■ EXERCISE DETAILS
Only one span of the listing below is wanted: the lines from the one with "Kahraman anneye ikizleri bakıyor" through the one with "وزير الإسكان يتابع", reproduced exactly, both ends kept.

■ SOURCE MATERIAL

○ ○ ○

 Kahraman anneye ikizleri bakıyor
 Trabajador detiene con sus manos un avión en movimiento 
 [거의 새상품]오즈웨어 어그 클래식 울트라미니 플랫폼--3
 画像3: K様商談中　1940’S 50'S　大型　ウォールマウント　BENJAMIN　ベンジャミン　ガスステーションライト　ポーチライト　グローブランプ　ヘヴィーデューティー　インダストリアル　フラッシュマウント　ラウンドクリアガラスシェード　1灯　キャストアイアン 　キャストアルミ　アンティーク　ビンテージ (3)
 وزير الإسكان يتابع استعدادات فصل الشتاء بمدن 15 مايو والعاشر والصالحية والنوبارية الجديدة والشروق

○ ○ ○

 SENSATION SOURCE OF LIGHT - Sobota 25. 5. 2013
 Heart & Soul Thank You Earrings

○ ○ ○

■ YOUR RESPONSE
 Kahraman anneye ikizleri bakıyor
 Trabajador detiene con sus manos un avión en movimiento 
 [거의 새상품]오즈웨어 어그 클래식 울트라미니 플랫폼--3
 画像3: K様商談中　1940’S 50'S　大型　ウォールマウント　BENJAMIN　ベンジャミン　ガスステーションライト　ポーチライト　グローブランプ　ヘヴィーデューティー　インダストリアル　フラッシュマウント　ラウンドクリアガラスシェード　1灯　キャストアイアン 　キャストアルミ　アンティーク　ビンテージ (3)
 وزير الإسكان يتابع استعدادات فصل الشتاء بمدن 15 مايو والعاشر والصالحية والنوبارية الجديدة والشروق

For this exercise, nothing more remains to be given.